Aim of the task:
Your reply should be the whole listing, copied exactly, with the pictures left out.

Provided data:
++++++++++++++++++++

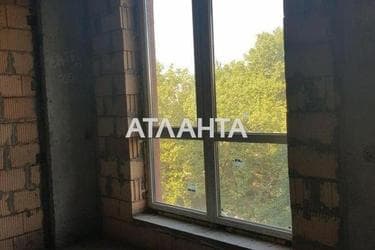 1-кімнатна квартира за адресою Фонтанська дор. (площа 49,3 м²) - Atlanta.ua - фото 18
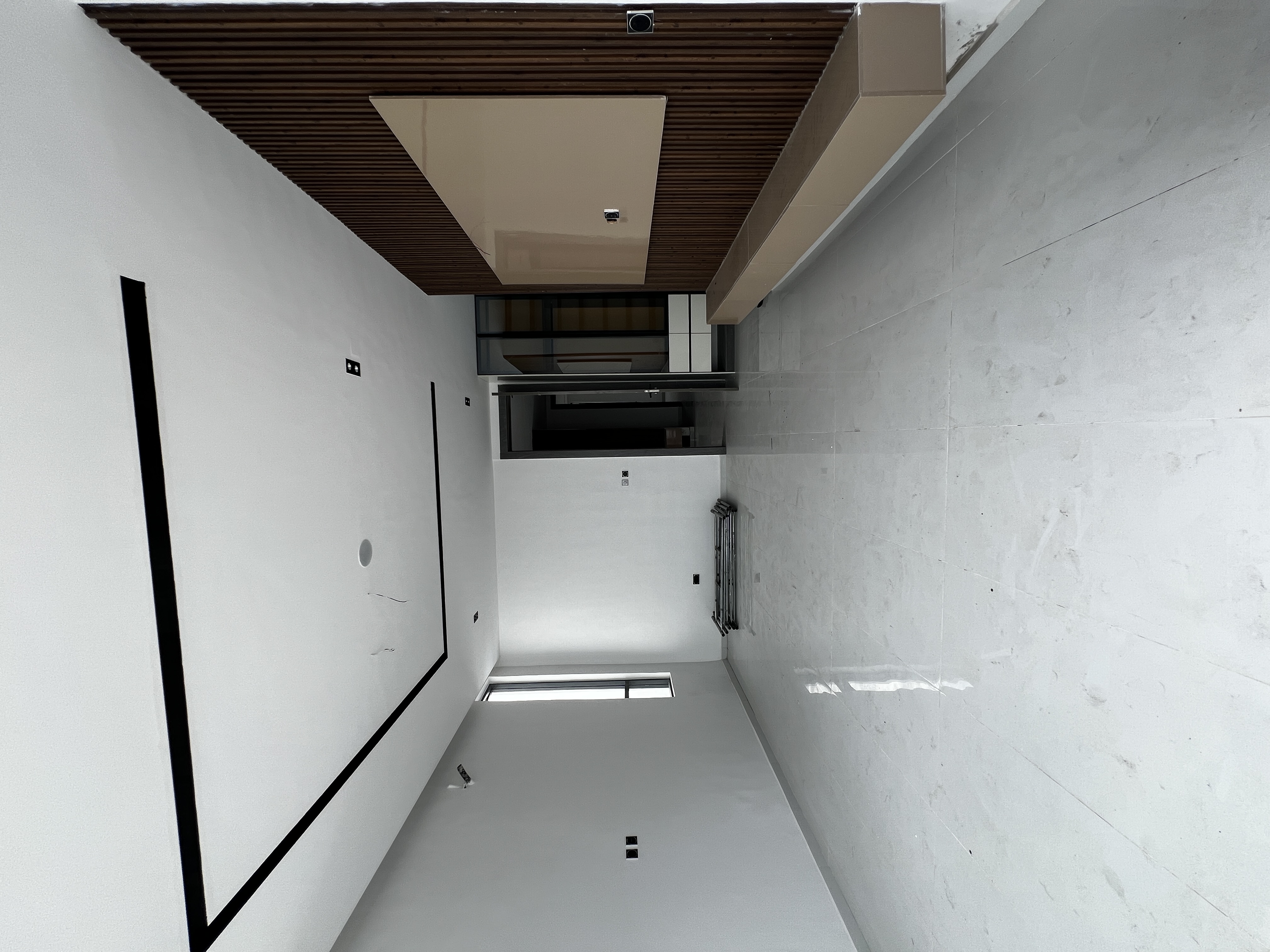 4Bedroom Semi-Detached Duplex - Image 12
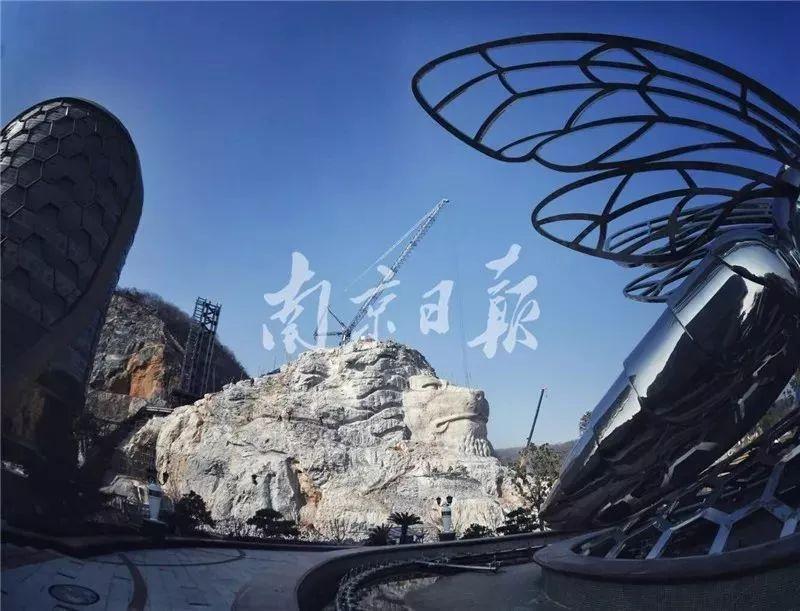 南京室内乐园,南京万达茂室内乐园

++++++++++++++++++++

Written solution:
 1-кімнатна квартира за адресою Фонтанська дор. (площа 49,3 м²) - Atlanta.ua - фото 18
 4Bedroom Semi-Detached Duplex - Image 12
 南京室内乐园,南京万达茂室内乐园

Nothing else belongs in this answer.